The problem is that you're equating "market value" with "worth". It's fine to say that "markets determine (market) value" - that's not illogical (but but also not all that interesting, because it doesn't say much).
But you seem to go a bit further, equating "market value" "value" and "worth". "Worth" seems much closer to the concept of "utility". So while Darko got market value for his contract, he really wasn't worth much to the team.
You're introducing hindsight analysis for the "worth" part of your assessment above, and I'm saying that "value" would track that assessment to the buyer. The Pistons signed the deal because that's what they thought he would prospectively be worth to the team. They were wrong, but that doesn't mean his value (to the team) was any different at the time, only that it trended downward (or would have, in a hypothethical re-negotiation of the contract at a later date) as the utility to the team dwindled.
Even if everyone in the NBA agreed he wasn't worth what they were paying him at the initiation of the deal, the assessment of "worth" from the Pistons perspective yielded the value. They're not different, per se, except maybe that "worth" requires looking a longer time period to answer the question "was so and so worth it?" whereas value is an instant snapshot in time.
UM was willing to pay David Brandon a base salary of $900,000 in 2014, so by your value metric, Brandon was worth it.
LOL.
that's just a fundamental pillar of economics. Yes, Brandon was worth exactly what Michigan agreed to pay him at the time. By 2014, you can rest assured they would have agreed to pay less (as in zero), but that doesn't retroactively change his value at the time the parties transacted in 2010.
So you're just begging the question (in the original sense). Your logic boils down to "if the 'market' says that someone is worth $X, then that person is worth $X."
IIRC my philosophy classes correctly, this is logically valid. It also adds zero information, because your conclusion is included in your premise.

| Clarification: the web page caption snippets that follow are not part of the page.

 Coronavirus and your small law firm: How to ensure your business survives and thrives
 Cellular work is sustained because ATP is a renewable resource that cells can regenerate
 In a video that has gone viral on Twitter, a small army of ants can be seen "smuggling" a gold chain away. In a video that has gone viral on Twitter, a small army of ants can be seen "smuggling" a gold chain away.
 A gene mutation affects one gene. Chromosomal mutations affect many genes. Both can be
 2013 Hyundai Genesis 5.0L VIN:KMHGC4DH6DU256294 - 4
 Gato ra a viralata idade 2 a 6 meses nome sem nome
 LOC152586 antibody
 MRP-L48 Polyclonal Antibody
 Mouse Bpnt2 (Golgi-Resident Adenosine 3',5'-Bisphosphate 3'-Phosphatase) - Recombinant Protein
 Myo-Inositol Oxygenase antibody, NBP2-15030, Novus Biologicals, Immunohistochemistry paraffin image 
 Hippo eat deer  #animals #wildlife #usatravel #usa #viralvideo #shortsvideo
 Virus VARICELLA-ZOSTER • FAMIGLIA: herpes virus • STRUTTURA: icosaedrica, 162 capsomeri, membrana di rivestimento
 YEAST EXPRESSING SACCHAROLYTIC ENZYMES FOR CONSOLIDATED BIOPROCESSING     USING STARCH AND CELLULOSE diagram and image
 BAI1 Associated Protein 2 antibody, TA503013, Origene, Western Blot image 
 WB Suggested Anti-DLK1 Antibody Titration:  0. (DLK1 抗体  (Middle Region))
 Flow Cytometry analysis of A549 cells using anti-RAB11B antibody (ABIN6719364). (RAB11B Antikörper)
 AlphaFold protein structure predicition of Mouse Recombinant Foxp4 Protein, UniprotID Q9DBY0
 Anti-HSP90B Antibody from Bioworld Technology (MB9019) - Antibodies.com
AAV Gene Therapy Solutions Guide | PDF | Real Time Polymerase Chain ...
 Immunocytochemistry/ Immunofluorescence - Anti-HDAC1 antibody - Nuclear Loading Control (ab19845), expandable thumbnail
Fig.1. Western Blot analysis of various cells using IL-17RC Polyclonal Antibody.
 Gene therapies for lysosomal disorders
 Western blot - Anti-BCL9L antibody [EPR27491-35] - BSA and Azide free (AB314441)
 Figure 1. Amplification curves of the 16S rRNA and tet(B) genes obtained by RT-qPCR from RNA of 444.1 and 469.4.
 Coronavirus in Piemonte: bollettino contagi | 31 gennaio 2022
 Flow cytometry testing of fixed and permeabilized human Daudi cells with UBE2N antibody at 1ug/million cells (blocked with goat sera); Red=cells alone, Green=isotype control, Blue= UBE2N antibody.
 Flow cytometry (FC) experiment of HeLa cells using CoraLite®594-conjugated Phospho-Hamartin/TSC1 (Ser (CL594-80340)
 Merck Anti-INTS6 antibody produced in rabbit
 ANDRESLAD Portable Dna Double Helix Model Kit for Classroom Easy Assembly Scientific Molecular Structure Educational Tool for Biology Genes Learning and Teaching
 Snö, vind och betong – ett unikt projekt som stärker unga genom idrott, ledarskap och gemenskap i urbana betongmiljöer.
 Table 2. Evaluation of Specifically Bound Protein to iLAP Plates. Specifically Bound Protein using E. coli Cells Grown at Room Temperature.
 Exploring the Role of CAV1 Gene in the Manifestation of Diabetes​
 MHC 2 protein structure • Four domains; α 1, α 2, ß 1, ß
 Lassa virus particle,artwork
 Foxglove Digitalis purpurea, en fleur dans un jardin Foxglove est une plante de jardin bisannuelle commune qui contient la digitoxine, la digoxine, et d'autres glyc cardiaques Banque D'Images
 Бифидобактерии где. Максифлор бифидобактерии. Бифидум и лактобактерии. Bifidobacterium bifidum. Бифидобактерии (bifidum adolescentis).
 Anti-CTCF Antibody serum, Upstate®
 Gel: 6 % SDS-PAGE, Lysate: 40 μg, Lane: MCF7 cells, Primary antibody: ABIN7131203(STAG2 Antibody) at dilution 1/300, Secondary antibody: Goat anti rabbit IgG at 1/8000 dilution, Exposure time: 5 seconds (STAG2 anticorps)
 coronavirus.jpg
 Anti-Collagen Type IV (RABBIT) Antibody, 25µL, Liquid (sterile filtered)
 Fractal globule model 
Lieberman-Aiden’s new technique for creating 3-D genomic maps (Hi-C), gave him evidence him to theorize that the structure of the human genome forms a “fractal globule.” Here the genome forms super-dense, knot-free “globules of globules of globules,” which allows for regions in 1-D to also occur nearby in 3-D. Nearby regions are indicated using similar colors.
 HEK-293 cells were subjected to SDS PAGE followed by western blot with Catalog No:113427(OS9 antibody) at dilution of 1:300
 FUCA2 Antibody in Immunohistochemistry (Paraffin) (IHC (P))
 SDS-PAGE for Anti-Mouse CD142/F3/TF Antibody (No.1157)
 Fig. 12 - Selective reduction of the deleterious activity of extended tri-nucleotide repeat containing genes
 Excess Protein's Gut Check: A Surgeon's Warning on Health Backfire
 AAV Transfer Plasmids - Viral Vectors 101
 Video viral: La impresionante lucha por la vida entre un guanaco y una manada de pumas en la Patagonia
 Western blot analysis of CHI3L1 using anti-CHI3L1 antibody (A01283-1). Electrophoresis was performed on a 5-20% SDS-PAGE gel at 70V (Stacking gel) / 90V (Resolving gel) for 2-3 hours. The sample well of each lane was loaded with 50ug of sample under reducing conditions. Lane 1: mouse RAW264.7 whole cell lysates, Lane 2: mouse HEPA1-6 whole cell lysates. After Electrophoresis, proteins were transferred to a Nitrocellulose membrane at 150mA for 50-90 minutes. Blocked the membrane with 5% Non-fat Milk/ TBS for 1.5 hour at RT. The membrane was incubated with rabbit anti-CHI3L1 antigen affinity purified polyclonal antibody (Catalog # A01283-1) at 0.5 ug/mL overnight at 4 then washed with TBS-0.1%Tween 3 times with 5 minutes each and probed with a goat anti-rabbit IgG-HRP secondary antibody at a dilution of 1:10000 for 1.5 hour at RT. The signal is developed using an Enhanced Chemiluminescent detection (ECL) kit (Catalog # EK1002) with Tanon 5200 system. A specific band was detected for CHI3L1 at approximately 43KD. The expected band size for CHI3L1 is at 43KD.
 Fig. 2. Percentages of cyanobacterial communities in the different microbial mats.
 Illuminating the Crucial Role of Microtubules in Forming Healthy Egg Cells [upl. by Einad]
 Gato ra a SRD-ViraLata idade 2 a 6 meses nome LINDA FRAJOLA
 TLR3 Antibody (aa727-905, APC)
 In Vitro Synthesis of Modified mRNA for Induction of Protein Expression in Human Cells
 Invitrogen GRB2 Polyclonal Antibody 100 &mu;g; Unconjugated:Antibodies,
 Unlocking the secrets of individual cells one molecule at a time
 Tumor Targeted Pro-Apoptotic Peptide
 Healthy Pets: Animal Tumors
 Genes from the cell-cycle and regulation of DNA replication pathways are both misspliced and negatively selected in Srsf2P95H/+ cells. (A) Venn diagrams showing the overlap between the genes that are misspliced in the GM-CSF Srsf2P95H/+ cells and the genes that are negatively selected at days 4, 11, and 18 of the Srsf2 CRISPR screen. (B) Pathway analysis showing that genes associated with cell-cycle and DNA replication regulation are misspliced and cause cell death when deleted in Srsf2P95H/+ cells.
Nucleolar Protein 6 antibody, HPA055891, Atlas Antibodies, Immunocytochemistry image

Exactly right. "If the market says that someone is worth $X, then that person is worth $X." I couldn't have stated it better.
"worth" I think is typically tied to "deserves", which is not particularly helpful, since it relies on value judgments that people can argue endlessly.
More precise would be expected utility benefit from the transaction. We can safely assume that THJ just got a ton of producer surplus since the contract is guaranteed.
But while the Knicks believe they will get consumer surplus (otherwise they would not have done the deal), many others do not.
You can always book an asset for the price that you paid for it, but you may have to do a writedown later when it is clear that the expected benefit at the time of the transaction has not and will not materialize.
worth is the first clause doesn't mean the same thing as worth in the second clause.